A Si Ahmed Hachani

En ces temps de désarroi, de lassitude «révolutionnaire», de mobilisation des mécontents et de diffusion des fausses informations à propos de vos orientations politiques, le métier d’un chef du gouvernement n’a jamais semblé aussi compliqué et décrié. Il ne suffit pas de faire triompher cette «bonne volonté» qui, selon l’un de nos héros nationaux Saint Augustin, modèle le désastre et fait rêver temporairement le peuple. En passant de l’optimisme démesuré à l’action concrète, votre rapport à la réalité risque de perdre une part de son innocence pour laisser place au soupçon et à une grande et dramatique déception. Il va sans dire que l’histoire ne manque pas de combats douteux qui ont abouti, mais celui-ci promet d’être très difficile à gagner. Pourtant, nous pensons qu’il mérite d’être mené à condition de prendre le citoyen pour ce qu’il est, un être responsable, capable de raisonner, plutôt qu’un sujet passif auquel vous dicteriez sa conduite.
Vous devez entamer votre mission par le côté le plus difficile en choisissant la transparence plutôt que la confusion, les réformes profondes plutôt que le statu quo ou les rafistolages et les petits ravalements de façade, la vérité des prix plutôt que les ruineux subsides. Les «solutions» populistes sont, comme toujours, des miroirs aux alouettes !
Il n’est pas besoin d’avoir lu « Ithaf ahl al-zaman» (Présent des hommes de notre temps) de l’historien Ibn Abi Dhiaf et de connaître les déboires de Sadok Bey en 1869 pour savoir qu’on ne peut indéfiniment compter sur les dettes pour diriger convenablement un pays.
Laissez-vous guider par l’urgence de la question brûlante : les inégalités grandissantes. Une ligne de faille qui devient si vite, dans un pays où tant d’enjeux se recoupent, une ligne de front. Ces inégalités sont un poison. Lorsqu’elles se creusent et ne sont pas traitées, elles font vaciller les gouvernements. Et souvent, elles mènent à leur chute. En ignorant ce principe économique et social de base, vous vous obstinez dans une escalade qui ne réglera aucun des problèmes du pays. Un chef du gouvernement réussit et devient fort quand son programme fait écho aux problèmes de la société et vise directement le seul véritable horizon salutaire : subsumer les affiliations idéologiques par une citoyenneté plus haute, qui nous fait nous sentir appartenir à une nation avant d’appartenir à une idéologie politique ou à un regroupement de semblables. Une affirmation qu’il existe un socle, celui du civisme, ou les idéologies doivent s’effacer derrière l’appartenance à la patrie. Sans volonté politique claire et sans évolution de la loi, que les gens au pouvoir sont toujours prêts à contourner, votre action sera sans effet.
Enfin, on ne fait rien de grand sans de grandes compétences. Parce que le terrible en politique dans notre pays, depuis plus de douze ans, c’est que les mauvais prennent sans effort la place des bons. Un arriviste médiocre, avec de l’entregent, obtient souvent un poste plus élevé qu’un compétent confirmé. Alors, à vous d’incarner la résistance à cet «ardent désir» de voir l’incompétence au pouvoir. Entourez-vous de conseillers compétents. Plus un conseiller est compétent et expérimenté, meilleur il sera. C’est une vieille règle. Le propre des responsables éclairés, à travers l’histoire, était d’inviter les compétents à leur cour pour se frotter aux idées lucides.
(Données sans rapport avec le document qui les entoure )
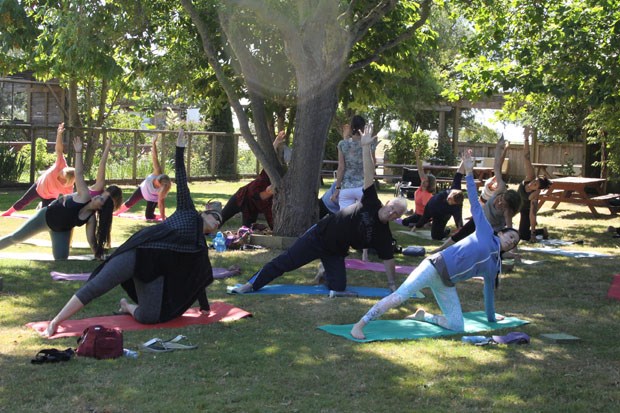 yoga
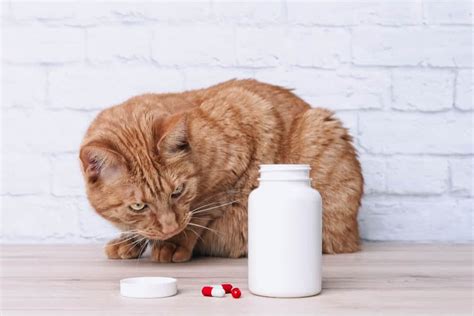 Atopica For Cats Dosage Safety And Side Effects All About Cats 2022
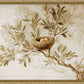 Martha Stewart Skylands | Songbird Study | Framed Vintage Bird Illustration | Estate Botanical Wall Art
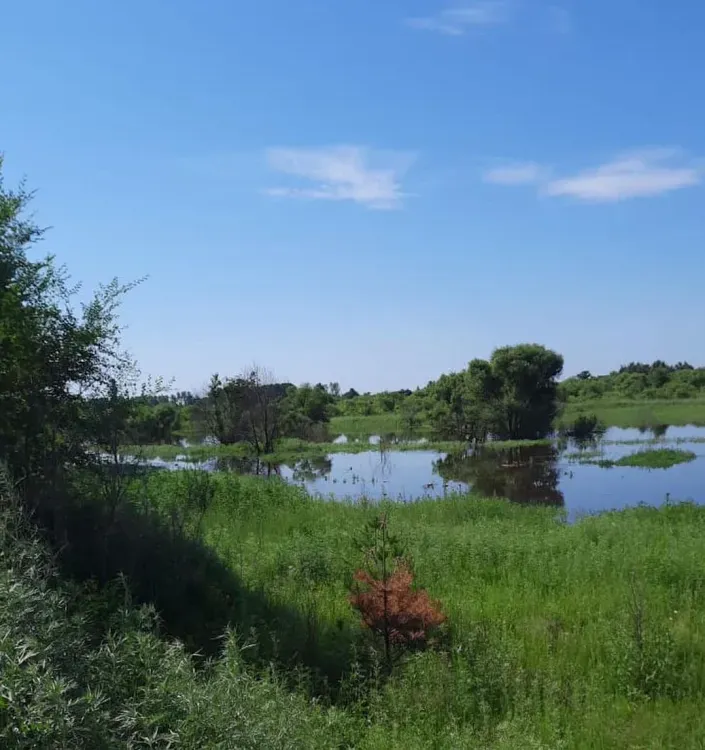 Два села Тамбовского района попали в опасную зону, несмотря на удаленность от Амура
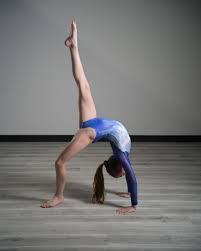 Image result for Sudbury Gymnastics Club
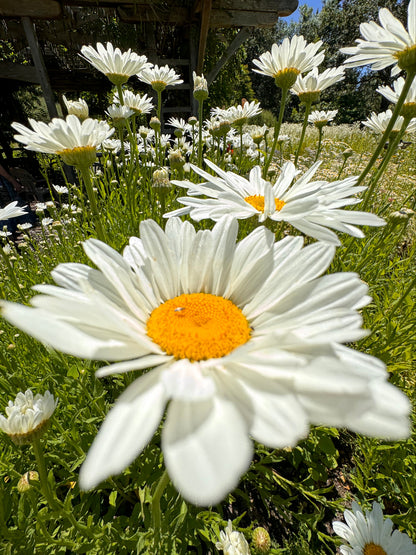 Alaska Shasta daisy white flowers with yellow centers in summer garden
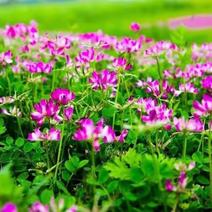包衣紫云英种子红花草籽食用野菜养蜂蜜源绿肥牧草高产种籽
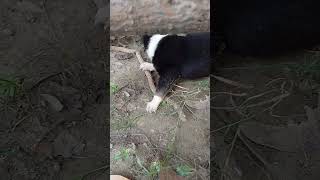 Itna sunder puppy🐶ytshorts doglovertrending [upl. by Aerdnna]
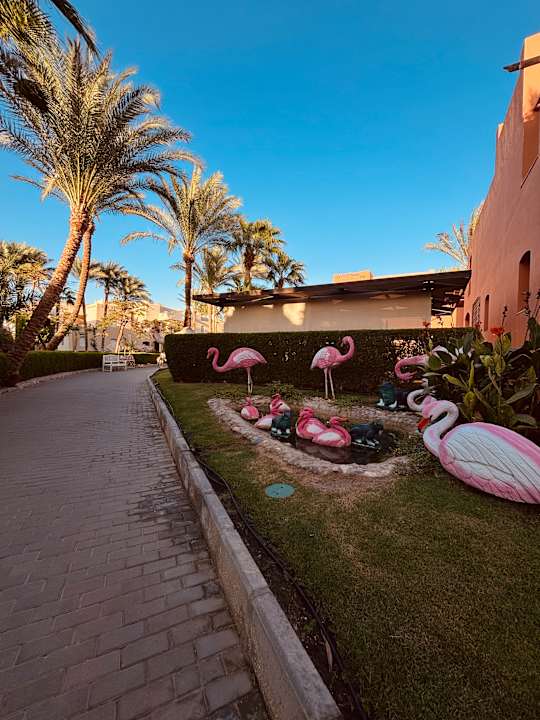 Strand Jaz Makadi Gardens - TUI BLUE Makadi Gardens - Adults Friendly 16 Years Plus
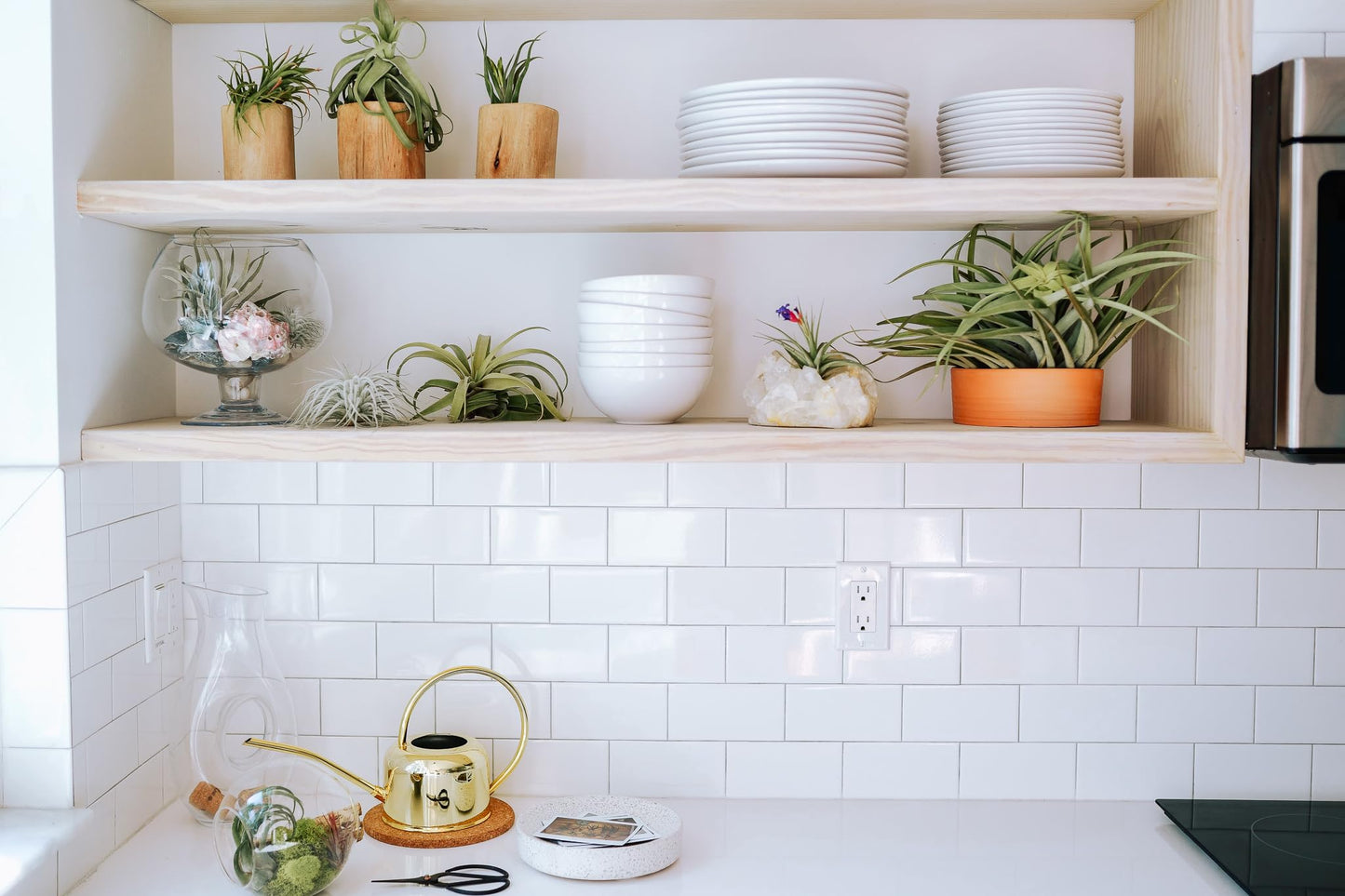 Double Hook Terrariums with Air Plants (Set 3)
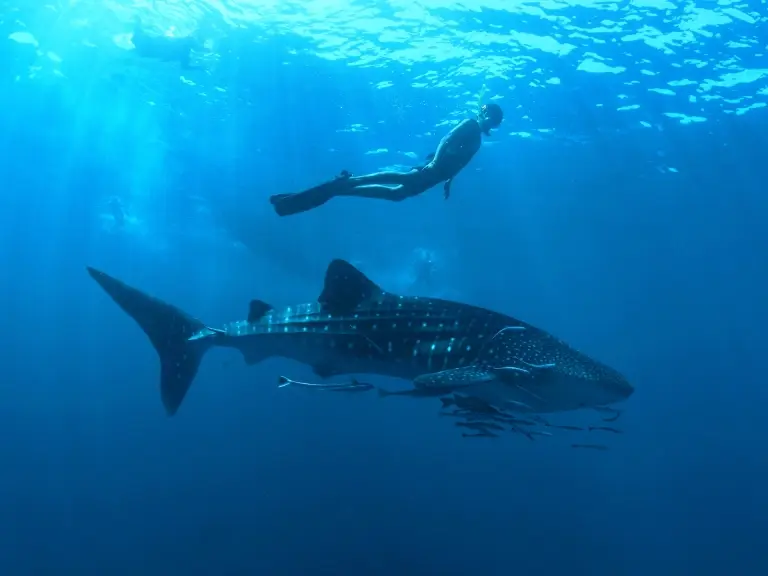 Whale shark & diver in the Similan Islands, Thailand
Plongé dans une scène politique paranoïaque, où chacun se voit assiégé par ses fantasmes, vous devez affronter une situation économique et sociale en péril, qui fait eau de toutes parts, surtout que dans ce gigantesque vide-greniers de leurs frustrations et cet immense bric-à-brac de leurs revendications, les Tunisiens attendent de vous des solutions concrètes.

Et pour conclure : n’oubliez jamais que tout homme politique au pouvoir ne sera puni que par là où il aura péché.